Despite all of our poetry, song lyrics, and fairy tales, the concept of beauty is fluid. What is considered beautiful in our society today may be very much the opposite in 3 or 4 decades. Some enduring concepts exist (hold out for the next BLOG post for more on this topic!), but even a casual glance around one of the country’s great art museums will rapidly demonstrate my point. Traveling from the Rubenesque nudes, with their voluptuous figures – round bellies, plump cheeks, full hips – to Post-Modern figure drawings or Cubist portraits – with their sharp angles, long and lean figures, and chiseled faces – we can see that over the course of a couple centuries, “beauty” transformed from one extreme to its opposite.
On a recent visit to Chicago, I was fortunate to see a retrospective of the works of Roy Lichtenstein at the Art Institute. Lichtenstein is a key figure in the Pop Art movement, and his work engenders reactions ranging from enthusiastic applause to utter detest. Perhaps most interesting to me were the facial features in some of his mid-career work (famous for looking like excerpts or stills of comic books or B-movies). The method of Pop Art is essentially incorporation of mundane things into a highly conceptualize or altogether different context. As such, Lichtenstein’s figures – his faces – were drawn quite literally from the popular media of the day (the 1950’s to 1960’s, mostly). This collection was a fascinating exploration of “what qualifies as art”. And the faces! Women with small, up-turned noses and big wide-open eyes. Men with strong, square jaws, thick eyebrows… and stern looks.

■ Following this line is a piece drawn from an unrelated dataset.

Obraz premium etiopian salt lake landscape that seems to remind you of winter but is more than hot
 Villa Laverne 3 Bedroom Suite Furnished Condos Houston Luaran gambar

It is interesting how stereotypical or ideal female and male forms can be captured as single black line silhouettes. This may be obvious to any comic book enthusiast, but in the world of “fine art” it is quite unique. Equally interesting is how some of the aesthetic ideals of female beauty have changed over the past 50 years – in some cases, multiple times. Nose size, nasal tip contour and rotation, eyebrow position and thickness, lip fullness, etc., etc. For sure, there are some constants – a crisp contour between the chin and the neck, for example.
If you’re in Chicago before September 3, it’s definitely worth checking out. If not, there are some Lichtenstein pieces in the permanent collection at the SF MOMA (www.sfmoma.org). Who knows what will be “beautiful” in 2060!?